Here is the abstract of it:

Let $A = (A, ... )$ be a relational structure. Say that $A$ has condensation if there is an 
$F : A^{< ω} → A$ such that for every partial order $P$, it is forced by $P$ that substructures of $P$ which are closed under $F$ are isomorphic to elements of the ground model. Condensation holds if every structure in $V$, the universe of sets, has condensation. This property, isolated by Woodin, captures part of the content of the condensation lemmas for $L, K$ and other "$L$-like" models. We present a variety of results having to do with condensation in this abstract sense.
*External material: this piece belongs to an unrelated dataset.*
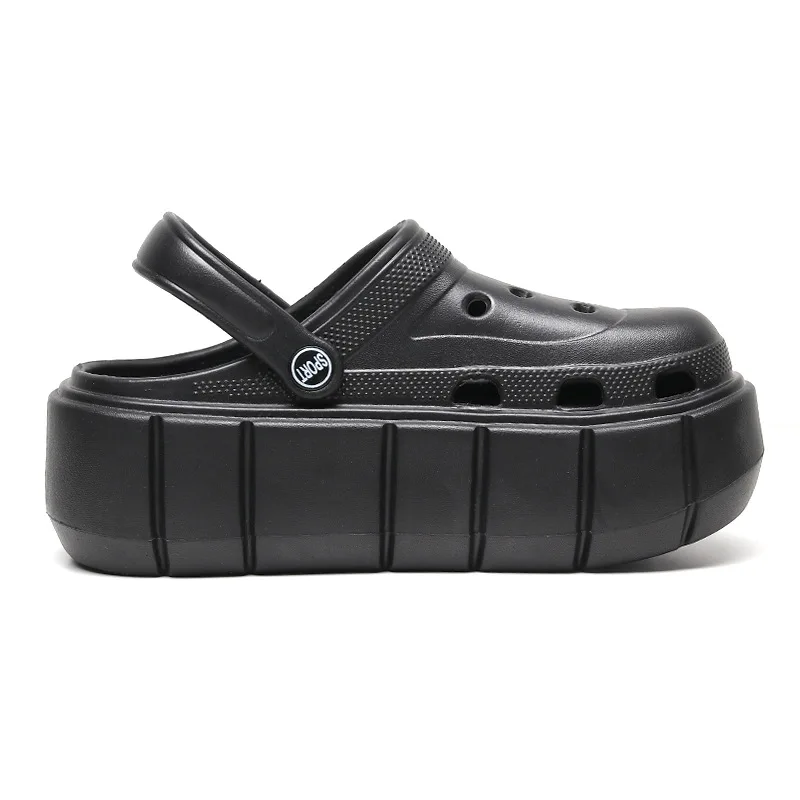 2024 New Sandal Slippers Clogs Classic Style Women Summer Beach Sandals Cave Hole Female Garden Shoe for Students Girls 5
Section 1 establishes the absoluteness of condensation and some of its consequences. In particular, we show that if condensation holds in $M$, then $M ╞ GCH$ and there are no measurable cardinals or precipitous ideals in $M$. The results of this section are due to Woodin. Section 2 contains a proof that condensation implies $◊_κ(E)$ for $κ$ regular and $E \subseteq κ$ stationary. This is the main result of this thesis. The argument provides a new proof of the key lemma giving $GCH$. Section 2 also contains some information about the relationship between condensation and strengthenings of diamond. Section 3 contains partial results having to do with forcing "Cond(A)", some further discussion of the relation between condensation and combinatorial principles which hold in $L$, and an argument that Cond(G) fails in $V[G]$, where $G$ is generic for the partial order adding $ω_2$ cohen subsets of $ω_1.$